Marion Nestle exposes an important truth about humanitarian efforts using transgenic foods: “The Gates Foundation is now the major funder of GM projects involving nutrient-enriched indigenous crops. Such technological approaches, advocates maintain, are doomed to fail unless they also address the underlying causes of food insecurity and malnutrition.”[1] The poverty in many “developing countries” can be directly traced by economic restructuring in the 80’s under Structural Adjustment Programs (SAPs), and to earlier Imperialism that initially weakened their economies. One of the pertinent changes brought by these policies was the transition to large-scale export agriculture from small-scale local agriculture. In other words, previously food-bearing land was converted to industrial commodity production, indigenous farming techniques discouraged, and small farmers put out of work and land. “Indigenous knowledge has fed, clothed and healed the world for millennia,”[2] Says Gurdial Nijar, legal advisor of the Third World Network, and could continue to do so, though the opportunity has not been given. Food insecurity is a product of this historical agricultural imperialism, and the forced use of patented, transgenic crops will only serve to exacerbate food issues.

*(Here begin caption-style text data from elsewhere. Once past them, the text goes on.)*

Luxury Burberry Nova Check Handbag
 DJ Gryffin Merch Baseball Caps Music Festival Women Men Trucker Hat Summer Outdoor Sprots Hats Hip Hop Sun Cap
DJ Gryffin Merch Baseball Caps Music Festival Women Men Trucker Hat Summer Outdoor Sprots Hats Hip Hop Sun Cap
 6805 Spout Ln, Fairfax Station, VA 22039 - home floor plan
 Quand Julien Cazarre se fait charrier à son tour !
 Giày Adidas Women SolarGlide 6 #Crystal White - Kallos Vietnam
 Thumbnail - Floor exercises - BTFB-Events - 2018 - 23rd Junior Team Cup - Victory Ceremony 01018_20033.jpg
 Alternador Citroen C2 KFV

A major component of food security is the control of seeds, and ability to save seeds. Farmers cannot legally save GE seed, and therefore will become dependent on purchasing it annually at their own economic disadvantage. This dependence threatens food security. It’s not about growing more food; it’s about how food is grown, who is growing food and who has control of the seeds that go into and the products that come out of growing food. GE crops will fail to solve hunger because they seek a higher yield, but not to better food or wealth distribution. The people who could not afford food before will not be any more able just because there is more food. Inequality is at the root of hunger, not supply.

Not only do GE crop supporters ignore the inevitable failure of their efforts, but they are ignoring the statements of countries around the world denying that GE crops will help them. “Representatives of 20 African countries, including Ethiopia, have published a statement denying that gene technologies would help farmers to produce the food they needed.”[3]

This is not a walk-in-the-park issue. It rouses the very roots of the world’s conflicts, and ancient dynamics of dominance. It unintentionally sheds light on dark recesses of greed that threaten to slip out of memory. If we value the future, equality and justice, we will not let these aberrations go. We will march in the streets and expose the elephant in the room like a bull in a china cabinet.

Works Referenced

Nestle, Marion. Safe Food; The Politics of Food Safety. University of California Press, Berkely, CA; 2003.

Pitchford, Paul. Healing with Whole Foods; Asian Traditions and Modern Nutrition. North Atlantic Books. Berkely, CA; 2002.

Rosset, Peter. “Lessons from the Green Revolution.” Posted April 8th 2000. Food First.


[1] Nestle, Marion. Safe Food. P. 280.

[2] Qtd. Pitchford, p. 20.

[3] Pitchford, Paul. Healing with Whole Foods. Page 20.